As a kid in the ‘80s, my playdates were spent in wood-paneled basements slurping juice boxes and playing Super Mario Bros. Occasionally a mom would break out some Shrinky-Dinks, but then she’d disappear, and we’d go back to cutting worms in half or sliding down the stairs head-first in a sleeping bag.
Those days are over.
Last week, my 7-year-old daughter, Nora, returned from a friend’s house armed with a homemade snow globe, puffy painted socks and warm chocolate chip cookies. This is the new normal. Playdates are now like birthday parties, where no one leaves empty handed.
“Mrs. S baked those cookies from scratch,” Nora exclaimed. “Oh, oh! And she jumped on their trampoline with us. Can you do a somersault? Mrs. S. can.”
“I can do a somersault,” I replied, even though I can’t. I was just feeling inferior to Mrs. S., playdate mom extraordinaire, with her clean white furniture and bare kitchen countertops. That’s another thing about playdates: At pickup, you see how the others live. You realize that not everyone has 12 junk drawers. Oh, what the children must report back about our house ….
“They leave their shoes everywhere! None of their towels match and a chipmunk keeps breaking into the playroom."
So lately, I've been making up excuses when my girls ask to have a new friend over. "Let's do it next Monday, OK? The cleaners come on Monday." My husband doesn't get it, but parenting and youth development expert Dr. Deborah Gilboa does. She agrees that things have gotten out of hand.
“Your job at a playdate is not to entertain, educate or impress your children’s friends,” Gilboa told TODAY Parents. “Your job is to keep them safe and give them an opportunity for social interaction with each other. And maybe a snack. That’s it.”
“You’re not a preschool teacher, you’re not a camp counselor, it’s not a photo shoot for Better Homes and Gardens magazine,” she added.
Gilboa noted that there will always be parents who go overboard and treat playdates like a competitive sport. We only control how we respond.
"You can’t get into a tug of war if you don’t pick up the rope,” she said. “You get to decide what competitions you enter.”
According to Gilboa, moms in the ‘80s had it right. When I had friends over, my mom would prep dinner, pay bills and talk on the phone. If we needed something, we knew where to find her.
“Playdates are supposed to make your life easier,” Gilboa said.
Of course, you can’t throw on a pair of headphones and entirely check out. A watchful eye is important at any age.
“When they’re 4 or 5 you want to make sure they’re not like, jumping on a hot radiator and when they’re teens, you want to make sure they’re not watching inappropriate videos,” Gilboa said.

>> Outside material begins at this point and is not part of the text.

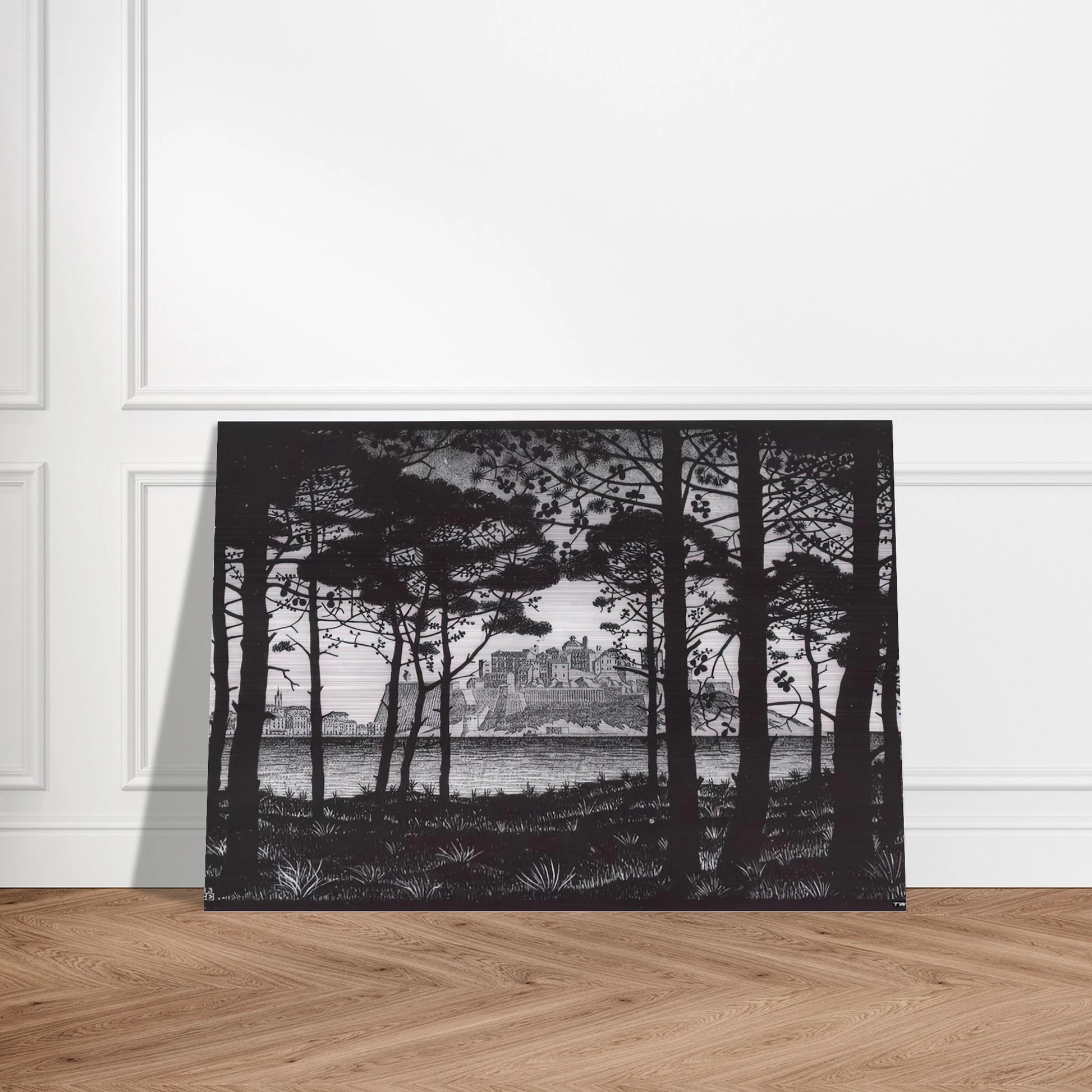 4d10a671-aa27-4bef-921a-0ac3036bddf1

Gilboa understands the temptation some moms feel to play cruise director. They want to be the known as the fun mom; they want to show your child a good time. They want to be liked.
But sometimes it's important to just sit back and watch.
"The skill of relieving boredom requires children to improve their communication, self-communication, self-regulation and creativity," Gilboa said. "When parents step in to offer endless options, entertain or soothe, we rob kids of the discomfort that will push them to learn those skills."